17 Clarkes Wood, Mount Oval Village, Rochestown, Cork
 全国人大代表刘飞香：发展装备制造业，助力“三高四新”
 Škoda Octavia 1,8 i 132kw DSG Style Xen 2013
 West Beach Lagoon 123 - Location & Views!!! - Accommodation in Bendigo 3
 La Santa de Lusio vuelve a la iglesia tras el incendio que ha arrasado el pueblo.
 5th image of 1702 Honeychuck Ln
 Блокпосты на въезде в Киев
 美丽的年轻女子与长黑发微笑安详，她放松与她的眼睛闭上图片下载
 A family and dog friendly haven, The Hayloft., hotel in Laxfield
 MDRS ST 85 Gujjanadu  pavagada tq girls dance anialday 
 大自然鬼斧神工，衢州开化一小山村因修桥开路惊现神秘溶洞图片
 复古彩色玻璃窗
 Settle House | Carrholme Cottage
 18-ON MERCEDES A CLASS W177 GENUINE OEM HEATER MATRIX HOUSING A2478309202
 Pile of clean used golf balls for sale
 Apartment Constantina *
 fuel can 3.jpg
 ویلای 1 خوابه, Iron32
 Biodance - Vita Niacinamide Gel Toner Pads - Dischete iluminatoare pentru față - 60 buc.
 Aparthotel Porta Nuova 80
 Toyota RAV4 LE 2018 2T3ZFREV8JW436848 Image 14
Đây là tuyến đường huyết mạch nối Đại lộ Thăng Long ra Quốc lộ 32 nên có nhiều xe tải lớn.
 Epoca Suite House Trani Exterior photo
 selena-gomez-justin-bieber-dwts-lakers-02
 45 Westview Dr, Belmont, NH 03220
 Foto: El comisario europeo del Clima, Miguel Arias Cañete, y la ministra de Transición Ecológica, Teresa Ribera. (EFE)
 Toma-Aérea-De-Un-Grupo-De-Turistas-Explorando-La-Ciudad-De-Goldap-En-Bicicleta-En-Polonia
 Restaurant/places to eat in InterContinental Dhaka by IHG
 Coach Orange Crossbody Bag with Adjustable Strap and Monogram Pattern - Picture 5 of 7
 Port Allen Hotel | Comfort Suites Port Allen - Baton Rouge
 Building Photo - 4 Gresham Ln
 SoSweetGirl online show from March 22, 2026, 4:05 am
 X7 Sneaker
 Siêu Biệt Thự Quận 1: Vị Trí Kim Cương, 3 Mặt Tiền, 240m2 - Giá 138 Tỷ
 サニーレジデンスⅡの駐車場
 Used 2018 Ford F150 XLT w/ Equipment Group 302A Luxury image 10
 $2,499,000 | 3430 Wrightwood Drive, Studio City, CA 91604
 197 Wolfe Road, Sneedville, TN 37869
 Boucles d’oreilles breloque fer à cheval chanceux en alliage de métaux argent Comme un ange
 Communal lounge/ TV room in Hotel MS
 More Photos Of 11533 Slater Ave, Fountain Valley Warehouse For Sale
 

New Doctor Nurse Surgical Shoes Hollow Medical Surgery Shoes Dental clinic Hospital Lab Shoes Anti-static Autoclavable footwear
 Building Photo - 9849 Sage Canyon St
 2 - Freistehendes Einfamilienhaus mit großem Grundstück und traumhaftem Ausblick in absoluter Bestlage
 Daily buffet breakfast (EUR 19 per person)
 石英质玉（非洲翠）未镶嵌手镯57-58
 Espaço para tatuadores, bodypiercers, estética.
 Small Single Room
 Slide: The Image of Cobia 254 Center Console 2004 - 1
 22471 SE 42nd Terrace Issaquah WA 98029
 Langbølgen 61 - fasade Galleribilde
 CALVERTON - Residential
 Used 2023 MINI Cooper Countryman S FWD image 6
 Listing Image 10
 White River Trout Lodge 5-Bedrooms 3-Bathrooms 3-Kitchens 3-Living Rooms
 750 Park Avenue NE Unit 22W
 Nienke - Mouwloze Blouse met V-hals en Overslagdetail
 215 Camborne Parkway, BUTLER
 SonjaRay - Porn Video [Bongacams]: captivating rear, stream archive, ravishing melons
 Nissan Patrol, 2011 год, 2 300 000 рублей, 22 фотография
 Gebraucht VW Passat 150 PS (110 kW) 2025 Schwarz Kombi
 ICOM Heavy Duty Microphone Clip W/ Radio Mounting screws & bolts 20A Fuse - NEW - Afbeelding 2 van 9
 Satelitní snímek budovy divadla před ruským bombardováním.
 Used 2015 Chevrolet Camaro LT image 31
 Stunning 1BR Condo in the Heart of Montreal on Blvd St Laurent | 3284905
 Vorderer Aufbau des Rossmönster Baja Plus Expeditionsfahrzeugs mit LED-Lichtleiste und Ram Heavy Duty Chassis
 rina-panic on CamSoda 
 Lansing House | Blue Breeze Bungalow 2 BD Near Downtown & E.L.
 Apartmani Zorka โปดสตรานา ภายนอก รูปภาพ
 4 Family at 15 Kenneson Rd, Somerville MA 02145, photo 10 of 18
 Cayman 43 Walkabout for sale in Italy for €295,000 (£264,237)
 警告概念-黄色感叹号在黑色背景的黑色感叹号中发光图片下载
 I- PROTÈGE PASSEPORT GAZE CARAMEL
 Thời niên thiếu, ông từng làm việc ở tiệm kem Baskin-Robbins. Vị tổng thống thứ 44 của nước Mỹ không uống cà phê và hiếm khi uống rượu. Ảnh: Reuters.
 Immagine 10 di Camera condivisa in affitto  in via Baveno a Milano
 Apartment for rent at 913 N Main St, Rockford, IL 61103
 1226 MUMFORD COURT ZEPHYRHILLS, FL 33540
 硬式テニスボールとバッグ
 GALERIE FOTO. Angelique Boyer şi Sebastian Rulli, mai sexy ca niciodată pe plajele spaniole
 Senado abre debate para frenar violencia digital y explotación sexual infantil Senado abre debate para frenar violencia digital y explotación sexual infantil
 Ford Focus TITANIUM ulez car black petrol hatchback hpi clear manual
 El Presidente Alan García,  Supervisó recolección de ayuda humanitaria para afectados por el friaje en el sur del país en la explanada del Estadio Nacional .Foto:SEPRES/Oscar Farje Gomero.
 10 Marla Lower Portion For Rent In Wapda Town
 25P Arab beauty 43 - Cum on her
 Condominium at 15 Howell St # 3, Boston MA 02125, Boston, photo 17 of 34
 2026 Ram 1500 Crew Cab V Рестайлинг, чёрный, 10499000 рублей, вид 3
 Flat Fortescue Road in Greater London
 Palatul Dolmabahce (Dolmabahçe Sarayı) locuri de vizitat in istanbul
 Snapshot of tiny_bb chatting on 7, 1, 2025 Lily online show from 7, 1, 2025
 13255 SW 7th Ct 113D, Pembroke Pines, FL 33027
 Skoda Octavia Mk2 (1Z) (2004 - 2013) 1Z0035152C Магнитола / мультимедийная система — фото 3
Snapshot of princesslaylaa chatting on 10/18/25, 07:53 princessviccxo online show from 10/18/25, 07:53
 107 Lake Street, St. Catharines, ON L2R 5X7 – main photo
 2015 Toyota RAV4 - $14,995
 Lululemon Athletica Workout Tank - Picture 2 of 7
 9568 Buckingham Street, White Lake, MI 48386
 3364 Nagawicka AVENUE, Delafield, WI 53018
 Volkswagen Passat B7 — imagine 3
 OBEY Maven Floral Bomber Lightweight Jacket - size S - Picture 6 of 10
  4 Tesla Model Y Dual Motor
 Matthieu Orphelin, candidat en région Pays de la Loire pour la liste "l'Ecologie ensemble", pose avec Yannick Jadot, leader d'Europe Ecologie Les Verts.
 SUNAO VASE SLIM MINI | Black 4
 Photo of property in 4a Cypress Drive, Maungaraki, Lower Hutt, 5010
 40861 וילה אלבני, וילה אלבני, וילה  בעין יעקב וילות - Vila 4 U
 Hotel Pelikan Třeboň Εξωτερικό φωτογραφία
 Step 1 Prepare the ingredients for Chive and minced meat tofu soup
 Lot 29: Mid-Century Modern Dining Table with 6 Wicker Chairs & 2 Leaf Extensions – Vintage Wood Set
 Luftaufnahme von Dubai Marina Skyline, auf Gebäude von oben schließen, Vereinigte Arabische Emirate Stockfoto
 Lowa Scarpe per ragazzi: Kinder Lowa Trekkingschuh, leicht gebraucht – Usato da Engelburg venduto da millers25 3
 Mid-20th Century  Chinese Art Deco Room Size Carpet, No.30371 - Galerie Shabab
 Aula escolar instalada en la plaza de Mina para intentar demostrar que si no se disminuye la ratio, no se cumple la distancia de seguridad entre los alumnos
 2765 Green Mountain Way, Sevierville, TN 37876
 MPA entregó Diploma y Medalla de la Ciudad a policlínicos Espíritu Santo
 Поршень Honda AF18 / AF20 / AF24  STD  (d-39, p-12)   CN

□ □ □

» EXERCISE PROMPT: Begin at the line above that has "Nienke - Mouwloze" and stop after the line that has "GALERIE FOTO. Angelique", copying each line exactly and adding nothing else.

» FINISHED EXERCISE:
 Nienke - Mouwloze Blouse met V-hals en Overslagdetail
 215 Camborne Parkway, BUTLER
 SonjaRay - Porn Video [Bongacams]: captivating rear, stream archive, ravishing melons
 Nissan Patrol, 2011 год, 2 300 000 рублей, 22 фотография
 Gebraucht VW Passat 150 PS (110 kW) 2025 Schwarz Kombi
 ICOM Heavy Duty Microphone Clip W/ Radio Mounting screws & bolts 20A Fuse - NEW - Afbeelding 2 van 9
 Satelitní snímek budovy divadla před ruským bombardováním.
 Used 2015 Chevrolet Camaro LT image 31
 Stunning 1BR Condo in the Heart of Montreal on Blvd St Laurent | 3284905
 Vorderer Aufbau des Rossmönster Baja Plus Expeditionsfahrzeugs mit LED-Lichtleiste und Ram Heavy Duty Chassis
 rina-panic on CamSoda 
 Lansing House | Blue Breeze Bungalow 2 BD Near Downtown & E.L.
 Apartmani Zorka โปดสตรานา ภายนอก รูปภาพ
 4 Family at 15 Kenneson Rd, Somerville MA 02145, photo 10 of 18
 Cayman 43 Walkabout for sale in Italy for €295,000 (£264,237)
 警告概念-黄色感叹号在黑色背景的黑色感叹号中发光图片下载
 I- PROTÈGE PASSEPORT GAZE CARAMEL
 Thời niên thiếu, ông từng làm việc ở tiệm kem Baskin-Robbins. Vị tổng thống thứ 44 của nước Mỹ không uống cà phê và hiếm khi uống rượu. Ảnh: Reuters.
 Immagine 10 di Camera condivisa in affitto  in via Baveno a Milano
 Apartment for rent at 913 N Main St, Rockford, IL 61103
 1226 MUMFORD COURT ZEPHYRHILLS, FL 33540
 硬式テニスボールとバッグ
 GALERIE FOTO. Angelique Boyer şi Sebastian Rulli, mai sexy ca niciodată pe plajele spaniole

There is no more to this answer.